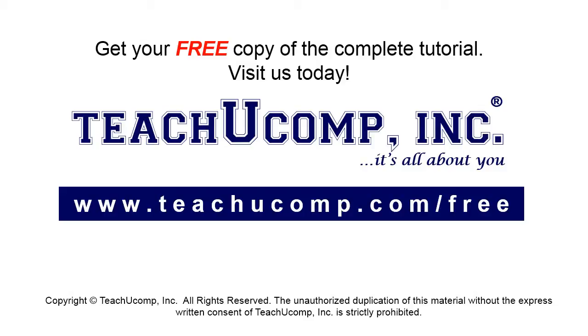Get your free copy of the complete tutorial at www.teachyoucomp.com forward slash free.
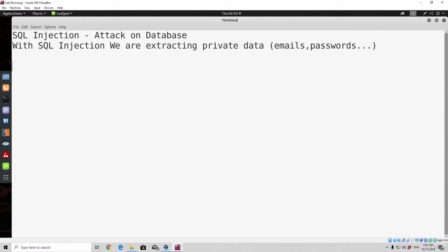To perform an actual SQL injection, the first thing we need to do is find an input within the actual web application that is included inside of an SQL query. In order for input to be vulnerable, the website needs to directly include the input we gave it within that SQL statement. The attacker can then run SQL code, search through the database and gather private information. The input can be something like a login form — once you type in a username and password, the website performs an SQL query to find in the database whether the password you inputted really exists.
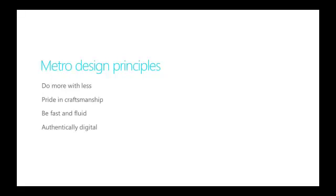Authentically digital. Be connected and alive with live tiles and notifications, and roam to the cloud. Win as one. Use contracts to work together with other apps to complete scenarios.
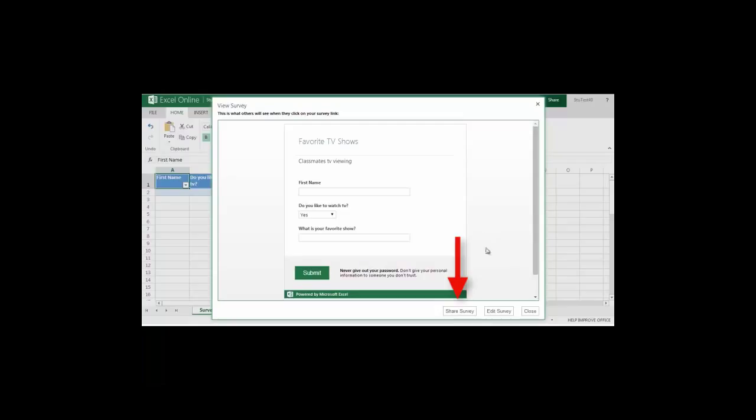If I'm happy with the survey I'll go ahead and share. If I'm not I'll edit. Right now I'm happy with the way that it looks so I'm going to select share survey.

■ Required work ■
Please take the lines from the beginning of the data above through the line holding "To perform an" and transcribe them exactly, without any pictures.

■ Exercise output ■
Get your free copy of the complete tutorial at www.teachyoucomp.com forward slash free.
To perform an actual SQL injection, the first thing we need to do is find an input within the actual web application that is included inside of an SQL query. In order for input to be vulnerable, the website needs to directly include the input we gave it within that SQL statement. The attacker can then run SQL code, search through the database and gather private information. The input can be something like a login form — once you type in a username and password, the website performs an SQL query to find in the database whether the password you inputted really exists.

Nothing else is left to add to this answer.